University of Yangon—formerly Rangoon University—has been the center of civil discontent in Myanmar since British colonial rule. Most famously, on July 7, 1962, students gathered to protest rules imposed on the campus after a military coup installed dictator General Ne Win in power. Military forces fired indiscriminately at the crowd. Sixteen were killed according to the official government count, but All Burma Federation of Student Unions claims the death toll was upwards of 100. "The bodies, some students still alive, were crushed at the sewage treatment plant in Rangoon,"  according to a post from Burma National News. The junta blew up the student union building the next day.

The university was center stage for protest for years after, most recently the site of a 1996 demonstration that demanded disclosure of police brutality and the right to form a student council (the WSJ has a brief history of unrest at Yangon in slideshow form here). The school has few students now, and remains in disarray, crumbling from neglect and a fear that repairs may jostle the "resigned calm that has settled on the campus," according to a piece published in the Washington Post today.

President Obama's choice of venue is a nod to his administration's careful non-endorsement of the Myanmar government, where hundreds of people remain political prisoners and more than 100,000 are displaced due to ethnic violence, according to the AP.

A recent Washington Post piece offered a brief but fascinating look at the university and President Obama's choice to speak there:

Today, few students walk the broken pathways of what was once one of Asia’s finest universities. Birdsong fills the halls of cracked buildings. For many, the school — which was renamed University of Yangon in 1989 — has today become a symbol of the country’s ruined education system and a monument to a half century of misrule.

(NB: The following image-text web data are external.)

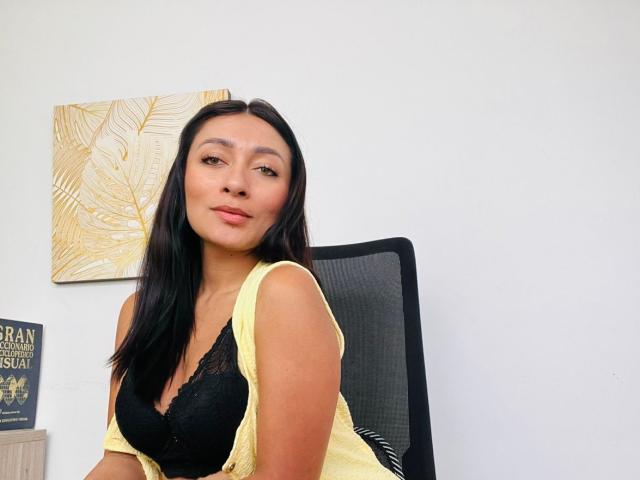 AmelineRousseau - Live porn &amp; sex cam - 28693361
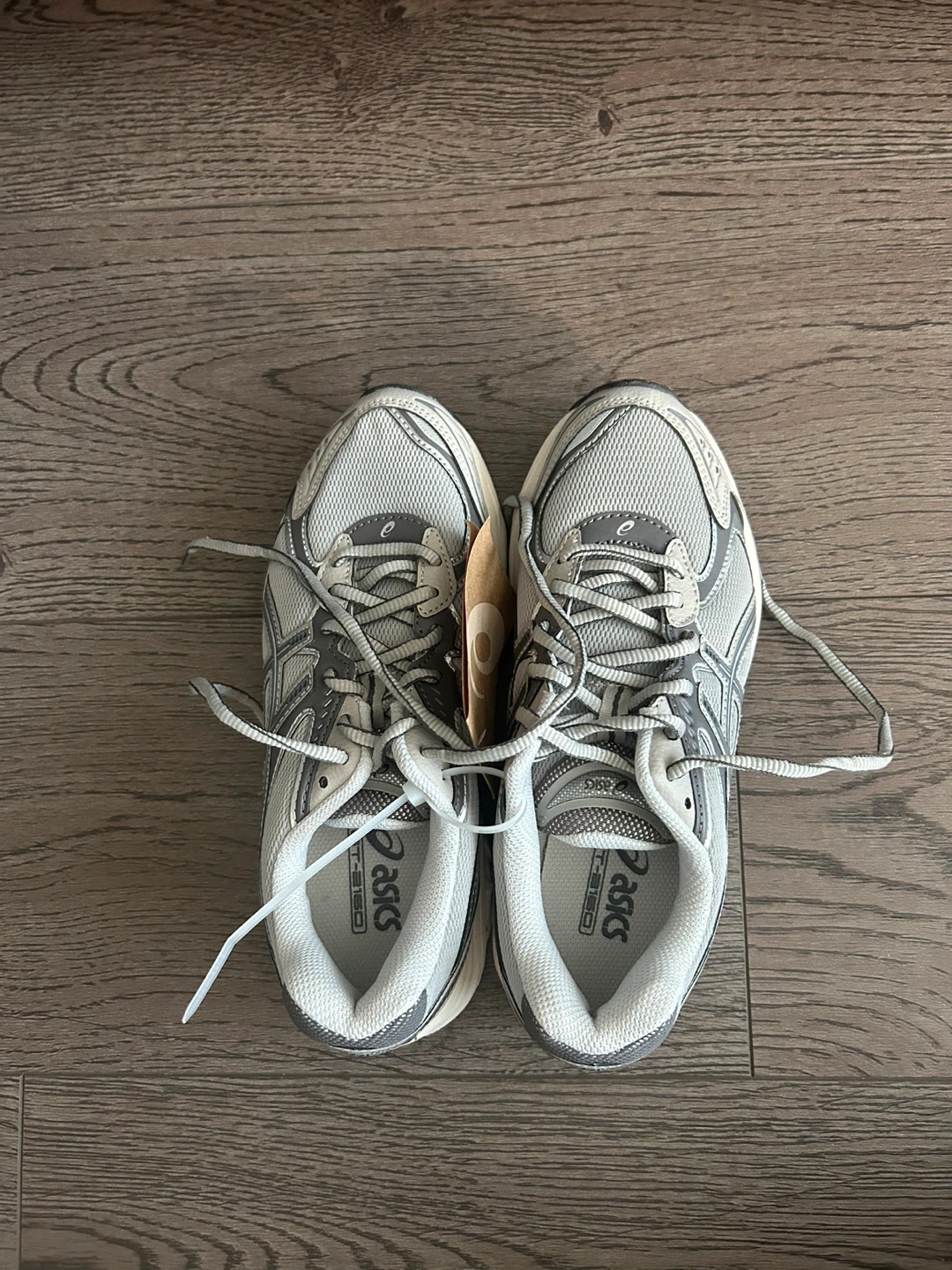 ASICS Running Shoes Size 5 (US) - photo 2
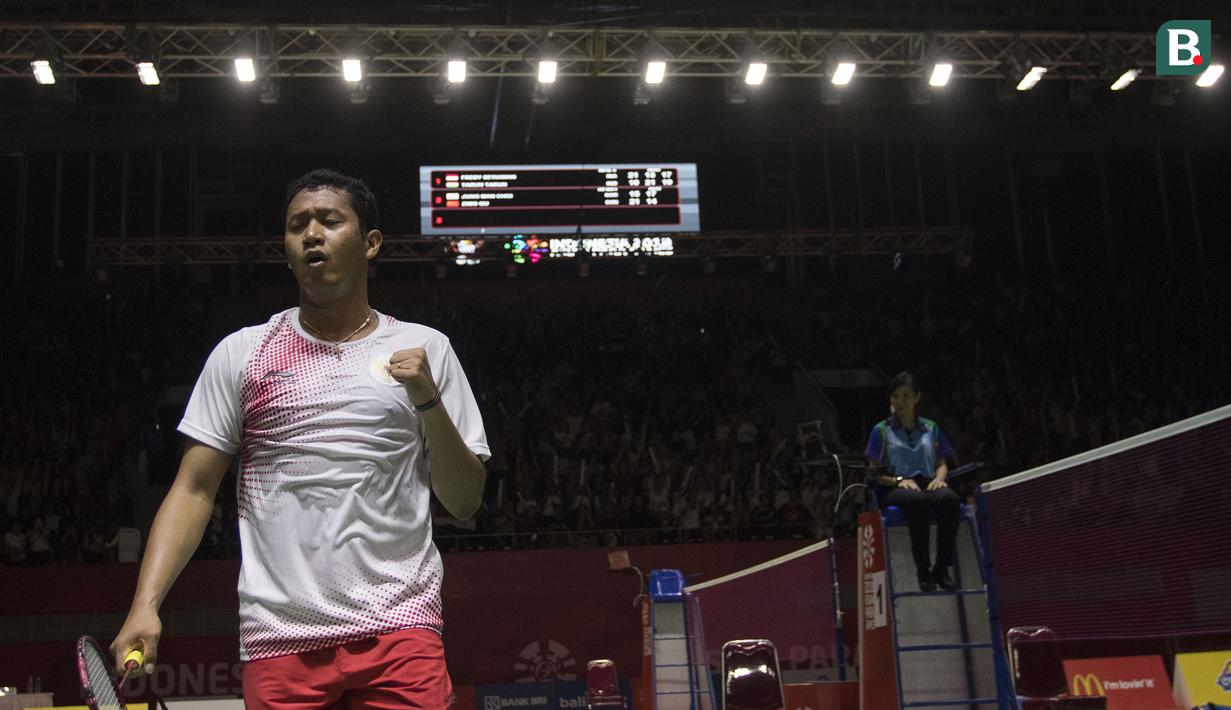Fredy Setiawan pebulutangkis Indonesia meraih medali perak setelah gagal mengalahkan Tarun asal India di nomor tunggal putra SL4 pada Asian Para Games 2018 di Istora Senayan, Sabtu (13/10/2018).  (Bola.com/Peksi Cahyo)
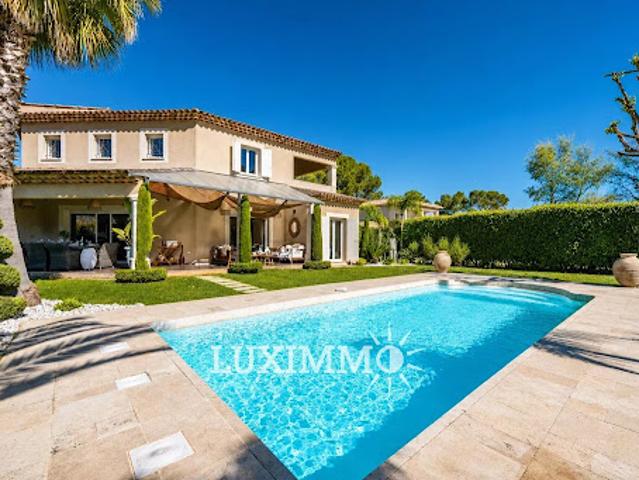 Location Villa 6 pièces 250 m2 Mouans Sartoux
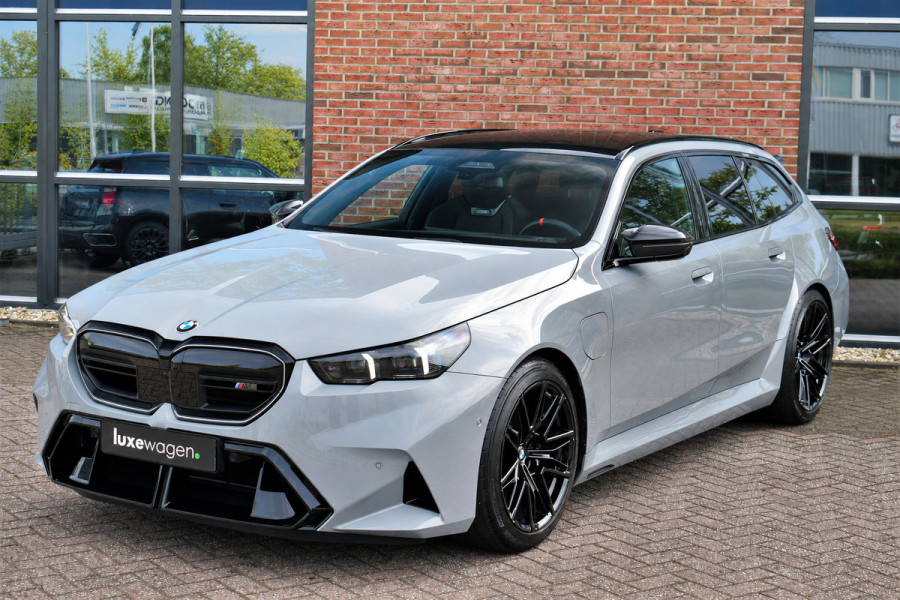 BMW M5 Touring | Kreidegrau Ind. | Ultimate Pack | Keramisch | Pano | Trekh | B&W | DA+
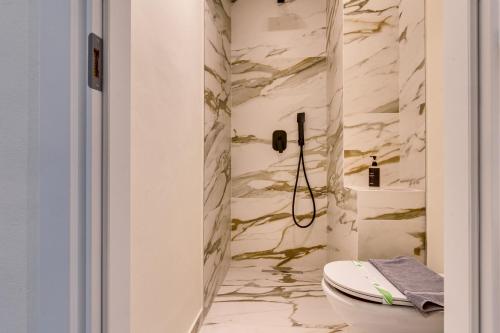 Athens Marble - Intimate studio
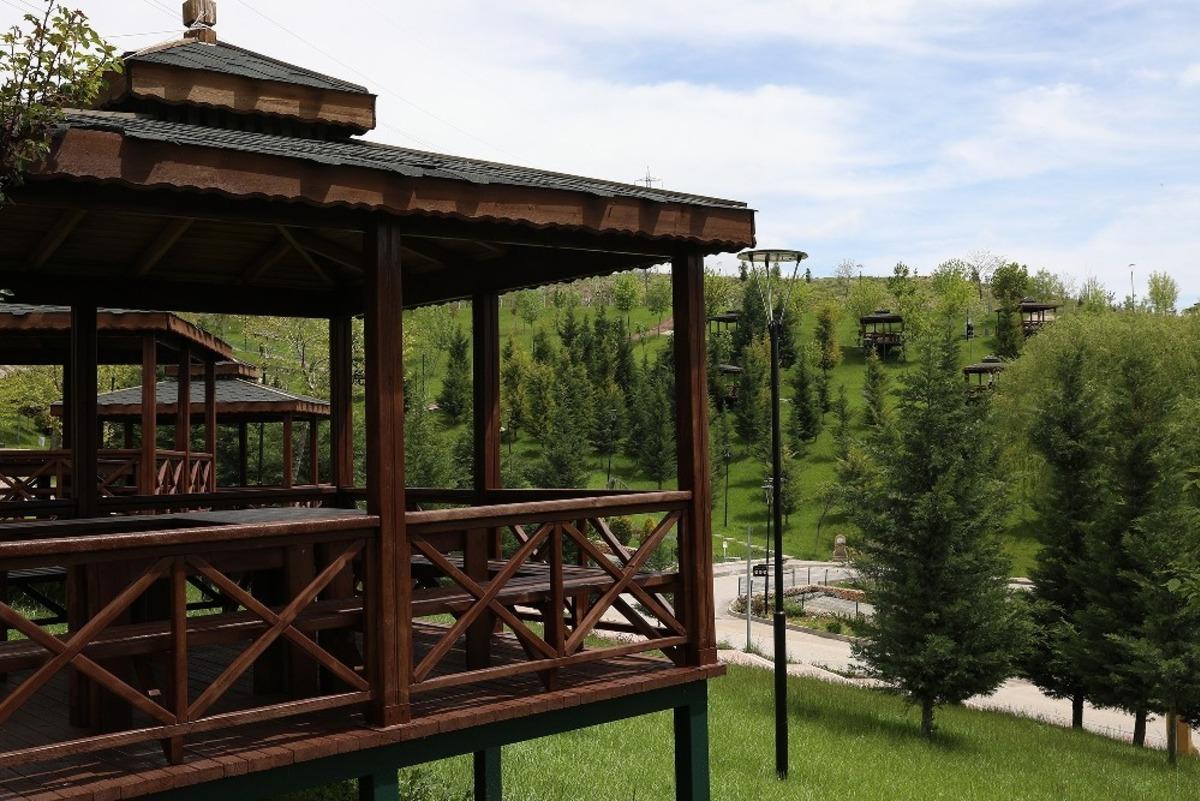 Sincan Belediyesi at&ouml;lyesi &ccedil;alışıyor, usta eller il&ccedil;eyi g&uuml;zelleştiriyor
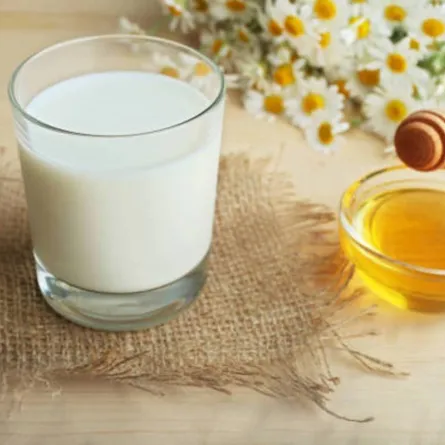 صورة للعسل والحليب
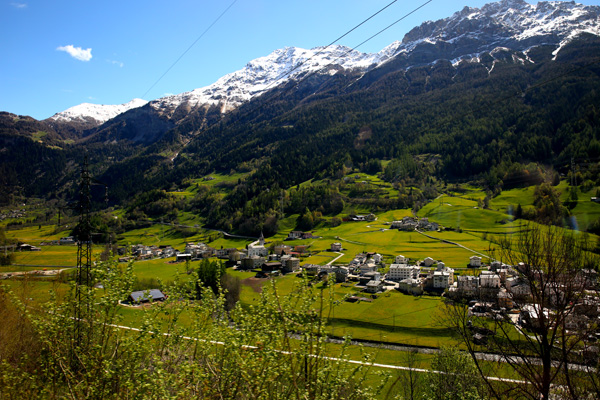 How to take a train into the alps from Italy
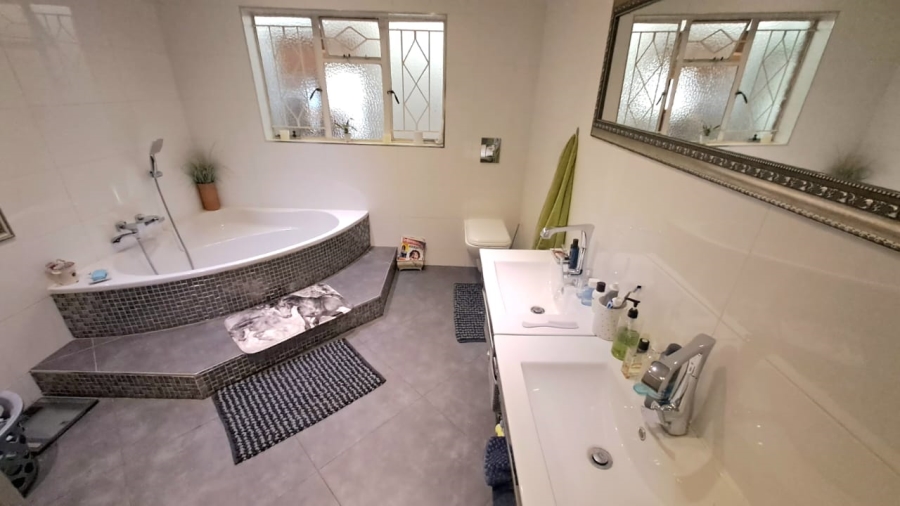 4 Bedroom Property for Sale in Three Rivers East Gauteng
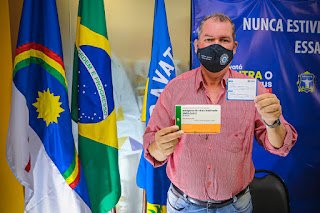 Gravatá | “Com a permissão de Deus, a vida e a ciência venceram”, diz Neném de Uruçu após apresentação do plano de vacinação contra covid-19 Gravatá | “Com a permissão de Deus, a vida e a ciência venceram”, diz Neném de Uruçu após apresentação do plano de vacinação contra covid-19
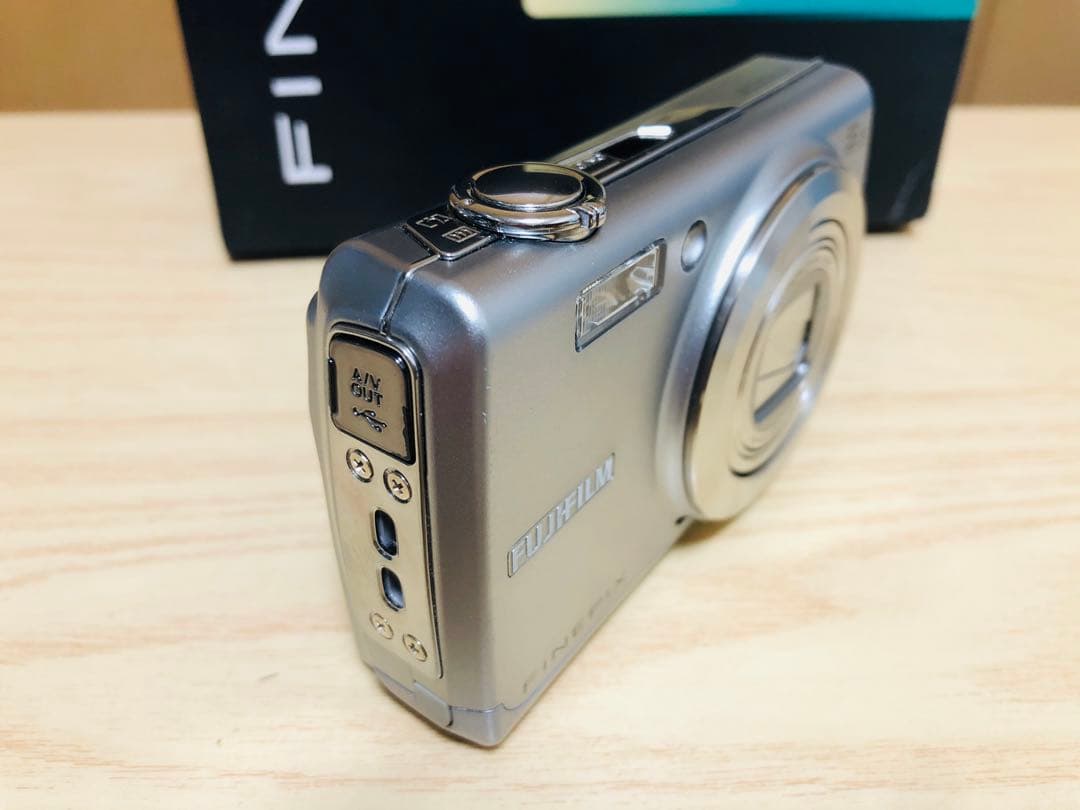 FUJIFILM FinePix F100fd コンパクトデジタルカメラ美品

“Obama knows very well about the history of Yangon University, I think. This is an enemy place for the authorities,” said Hla Shwe, who fought with Communist insurgents and spent 25 years as a political prisoner. 

The room being prepared for Obama's speech is being renovated for the occasion, while the rest of the campus remains overgrown and crumbling, a stand-in for the country's deteriorated education system. 

Inside the school’s Convocation Hall, where Obama will deliver his speech, is a riot of staple guns, buzz saws, sandpaper, hammers, spackle, drills, brooms, and fresh paint. But the facade of the building remains cracked with a black crust. Local superstition holds that scrubbing the building clean would unbalance the resigned calm that has settled on the campus and spark another round of unrest.

The curbs, lampposts and buildings that line the main road to the hall have been covered with fresh paint, but elsewhere the campus is a picture of moldering neglect. Broken desks lie stacked in the rain and shunted into unused cobwebby rooms. Teachers in bright blue sarongs walk past buildings sprouting weeds. Stray dogs nap in dilapidated corridors.

Only time will tell how the university's legacy of informed dissent will yet play out at this long-traumatized center of learning.